When I began to develop my topic, I wasn't focusing on the effects of e-Reading on reading comprehension, vocabulary, and overall learning experience in K-12 students. I didn't really know what I was going to focus on. I knew I wanted to find research that showed e-Reading could add to the already brimming list of distractions that the internet has brought to the relaying of information, because that's what I believed.
I have always been an avid reader, and I covet my ever-expanding shelf full of print books. I think when you purchase and own and take care of physical objects, you care about and appreciate them more - same goes with their content, I always thought. When e-Readers really began to get popular a few years ago, I thought, okay, so you can have thousands of books stored in one device - does that mean you really care about all of those books? Are you going to read much more because you have them? Are books going the way of music, movies, newspapers, magazines, etc?

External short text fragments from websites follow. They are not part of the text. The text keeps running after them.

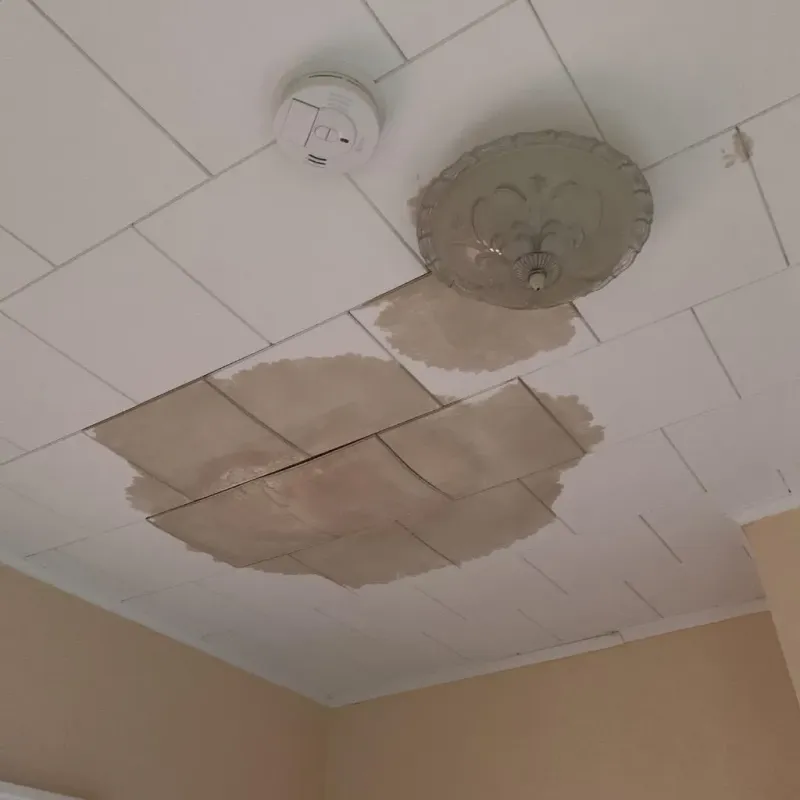 Ceiling Water Damage Repair in Franklin Park, NJ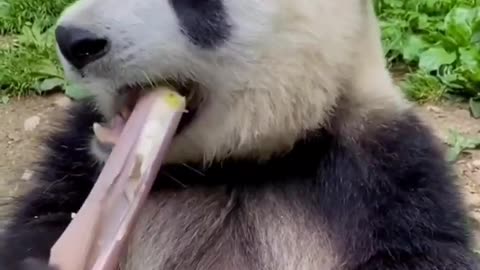 Pandas eat bamboo, see good decompression!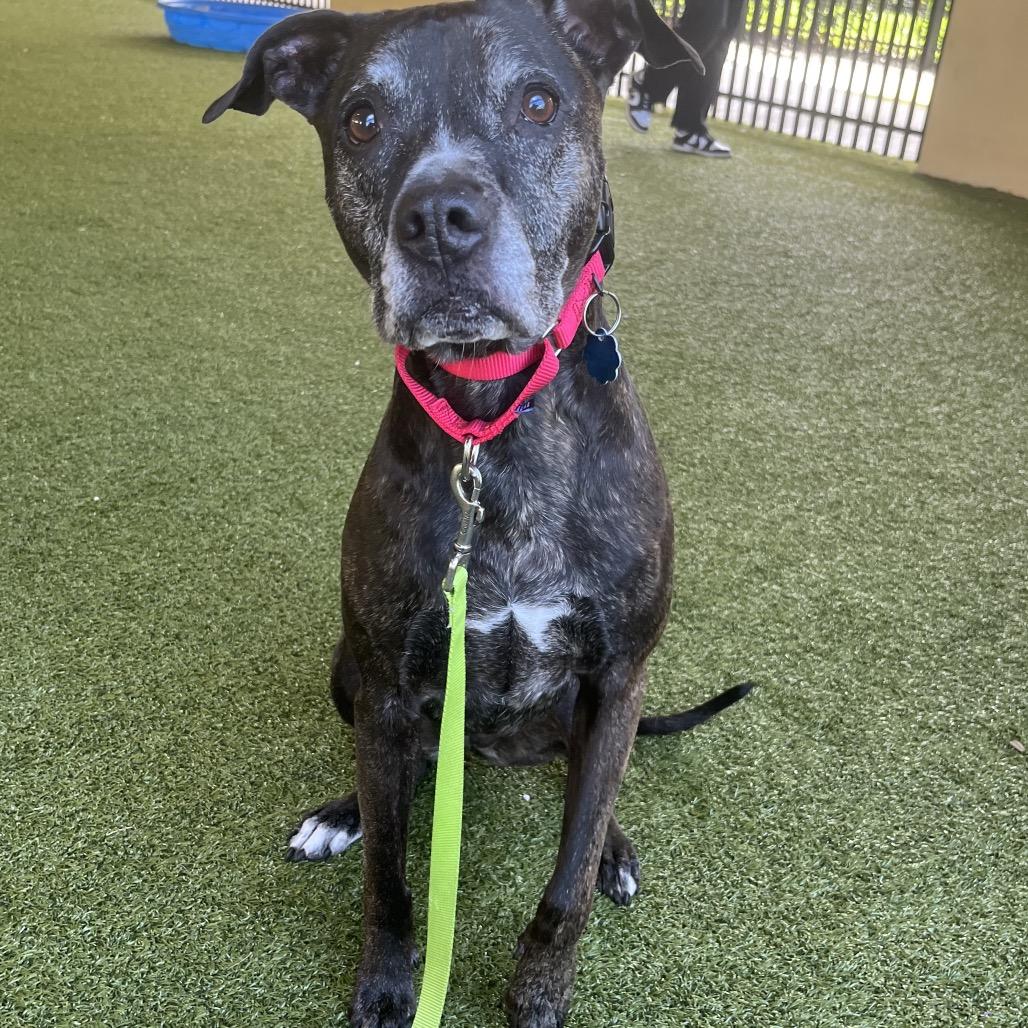 Kali, Adoptable, Senior Female Bull Terrier.
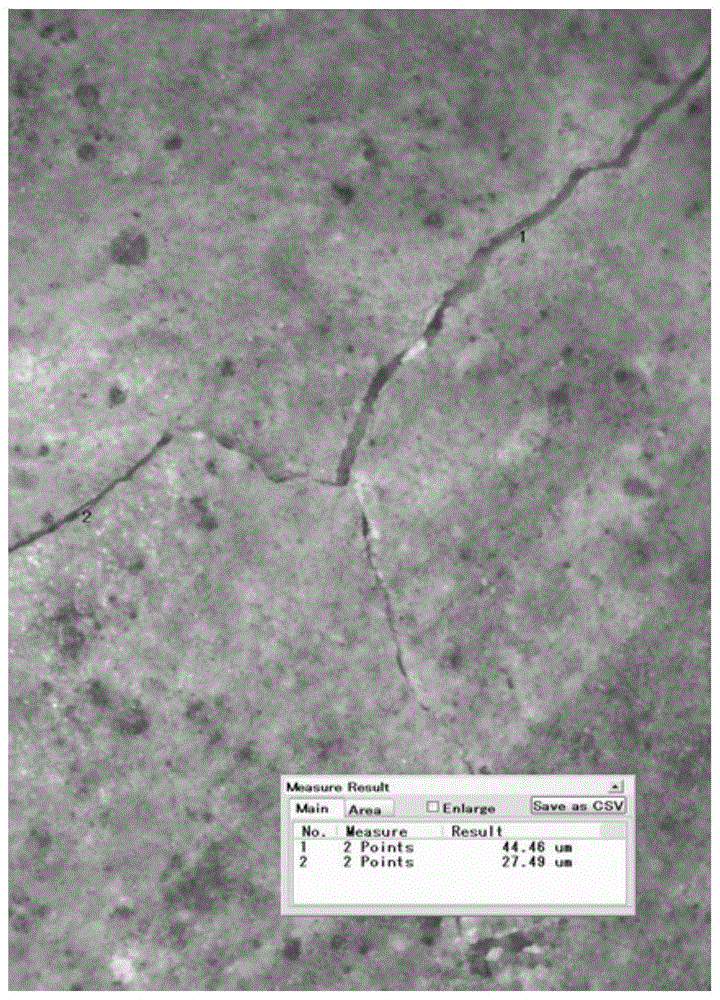 Microscopic dynamic monitoring device and repair method for micron-scale cracks in painted layer of ceramic cultural relics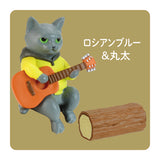 Campfire Cats Blind Box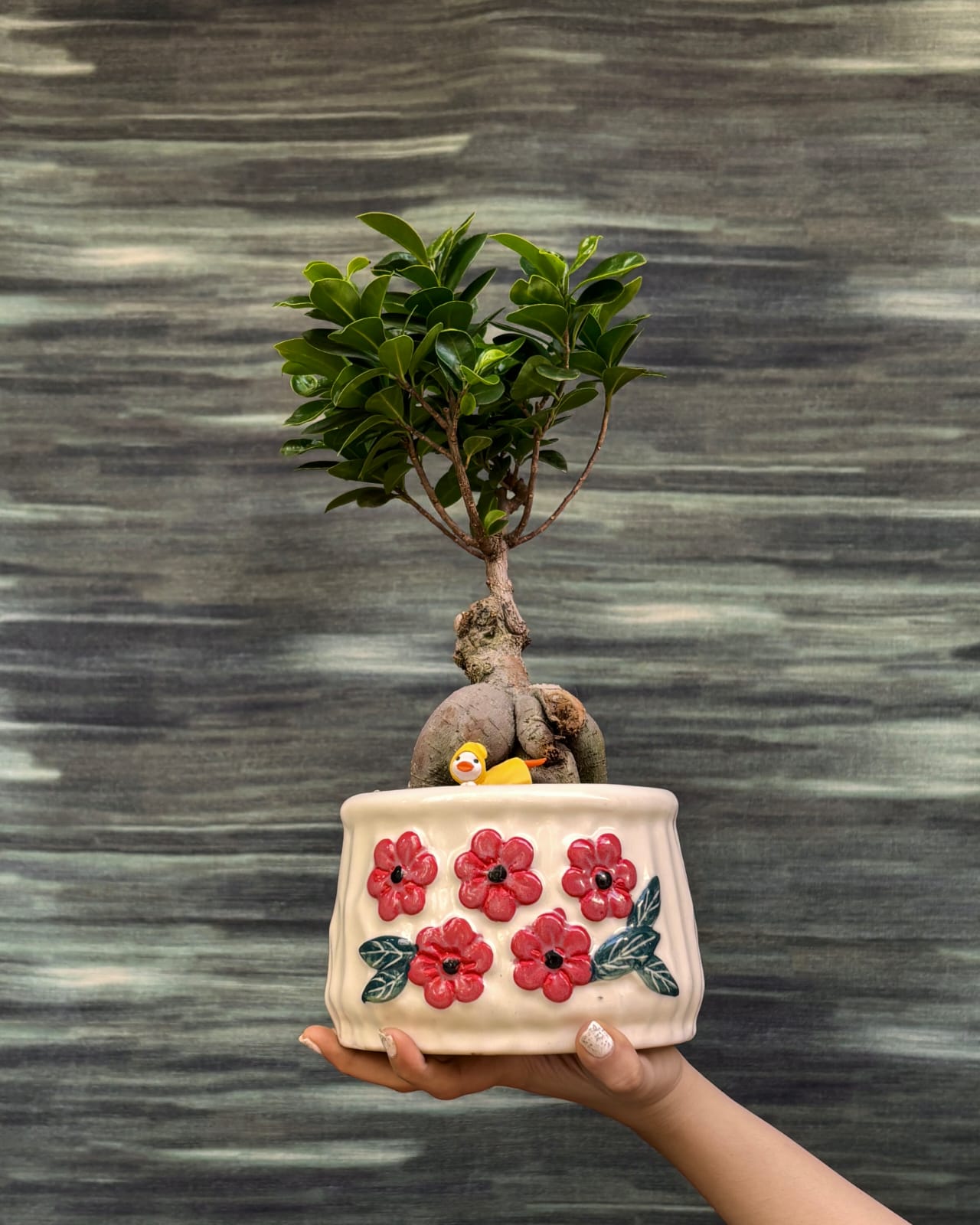 Ginseng Ficus bonsai tree in floral basin planter from Planterie Delhi, premium bonsai gifts India for housewarming and special occasions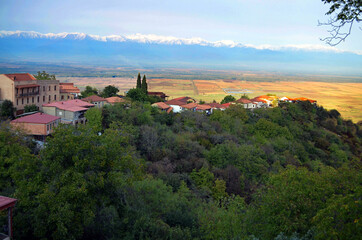 Fototapeta premium Georgia Republic - Sighnaghi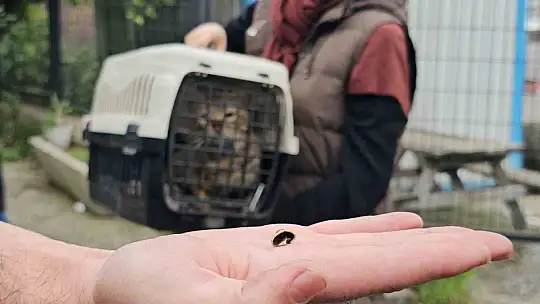 Zonguldak'ta 'öldü' sanılan kedi, bacağında mermiyle geri döndü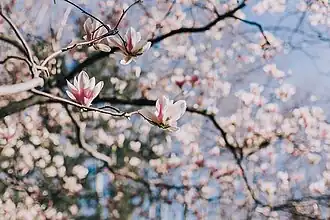 Magnolia en fleur au jardin du Las, photo Kevin Pinon.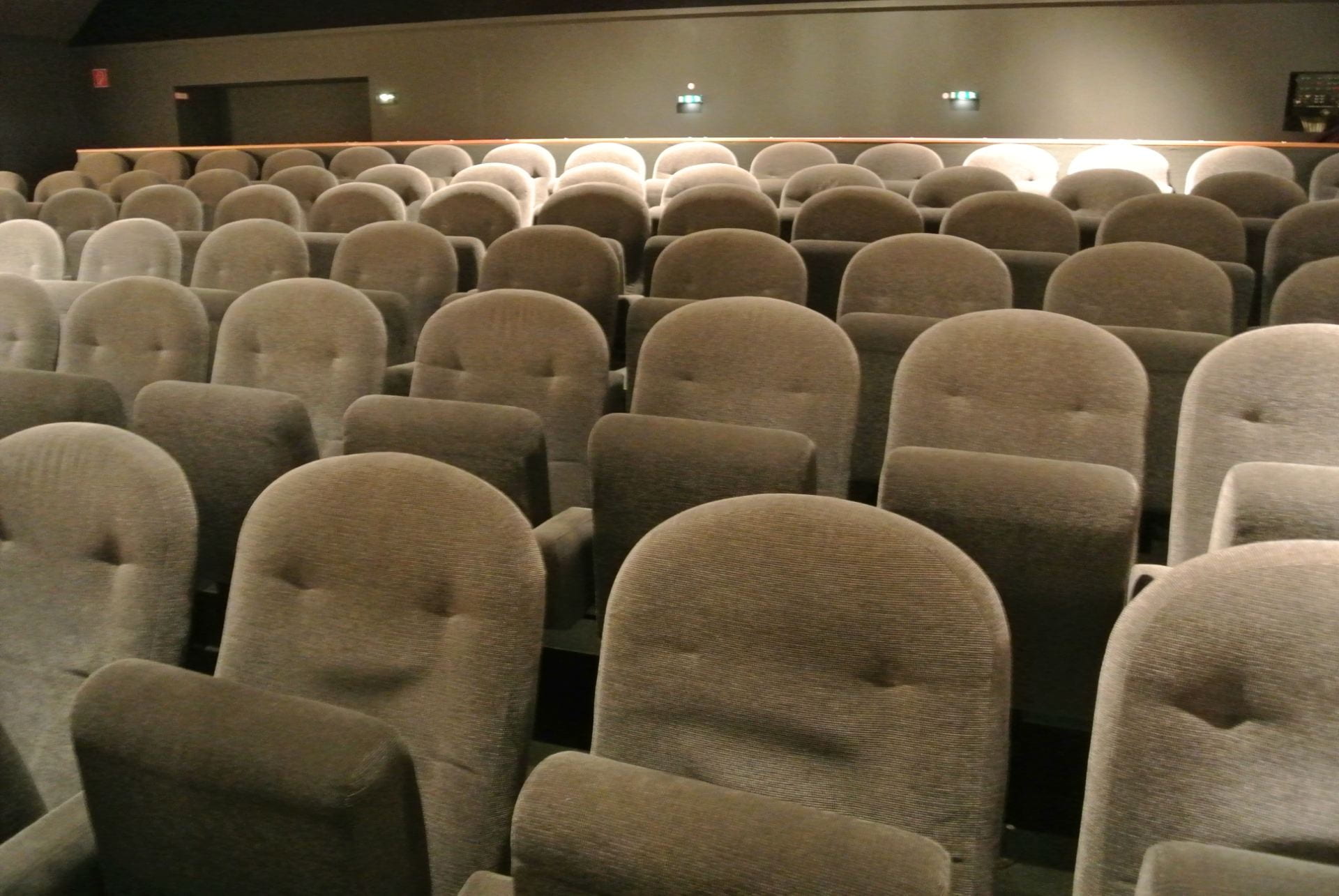 Rows of seats in a movie theater.
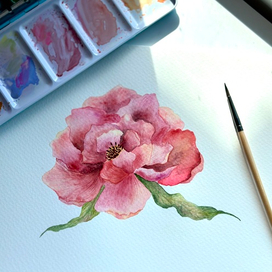 Пион акварелью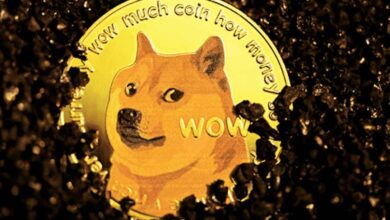 توقعات سعر عملة الدوجكوين: هل ستشهد DOGE انتعاشاً في يونيو؟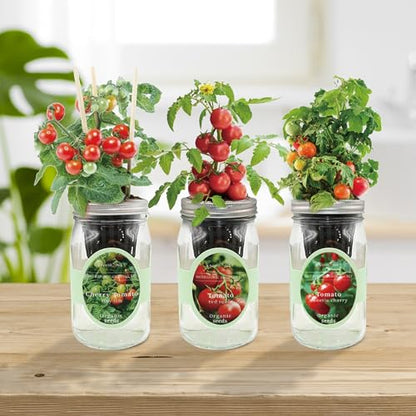 Hydroponic Mason Jar Indoor Garden Organic Seed Starter Kits - Tomato Trio Garden Growing Kits, Gardening Gift (Red Robin Tomato, Cherry Tomato - Tiny Tim, Sweetie Cherry Tomato) - color: Tomato Trio Garden Kits
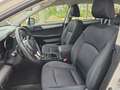 Subaru OUTBACK Outback Touring Wagon 2,0 D Comfort AWD CVT Weiß - thumbnail 8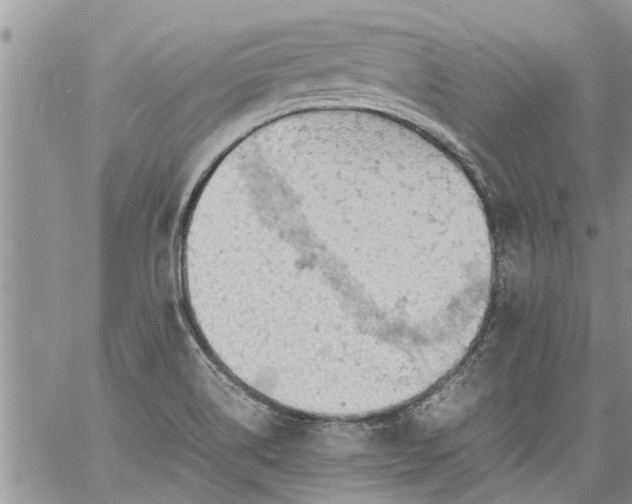 X0000060781514200511241806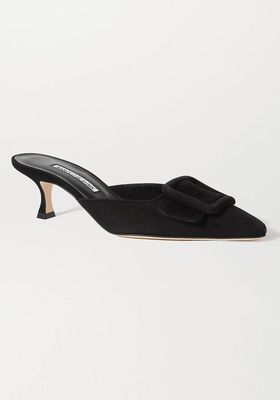 Maysale 50 Buckled Suede Mules from Manolo Blahnik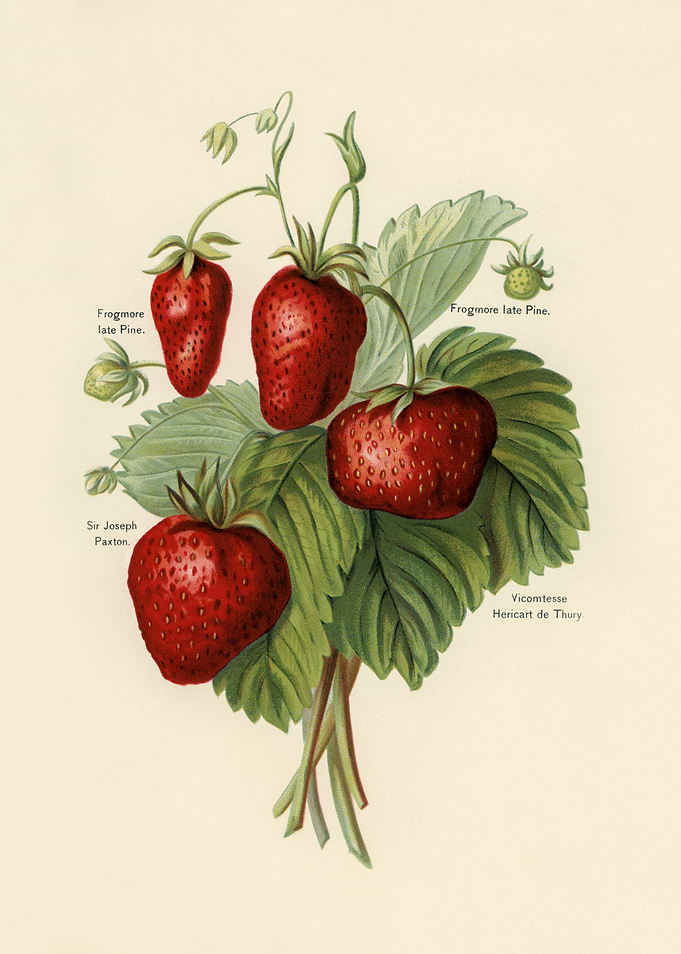 Vintage Botanical Strawberry Illustration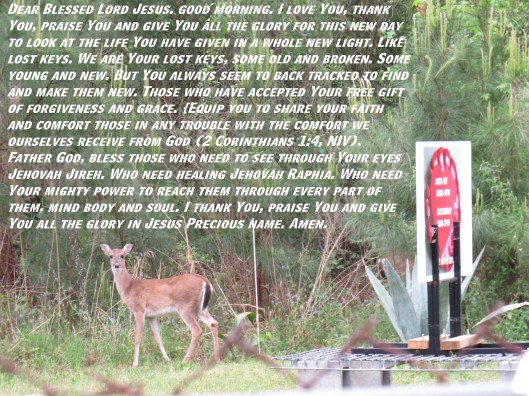 © Photo Artist Susan Ruth Robertson 090025006100 SX 400 (19) - Copy.JPG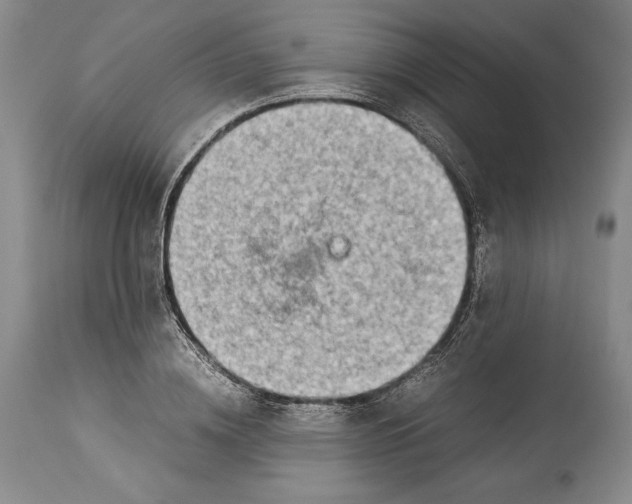 X0000113990836200910231728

The thought frightened me. I never gave the implications for education any thought until I narrowed down my topic. And the results initially startled me - e-Reading is being shown, in fact, to improve literacy rates, understanding of material, vocabulary-building, and the overall learning experience for students and educators alike.
With textbooks increasingly being standardized for electronic versions and children's books being specifically designed for electronic versions to include learning games, activities, videos, etc., there really is no limit to where these new tools are going to take the future of education.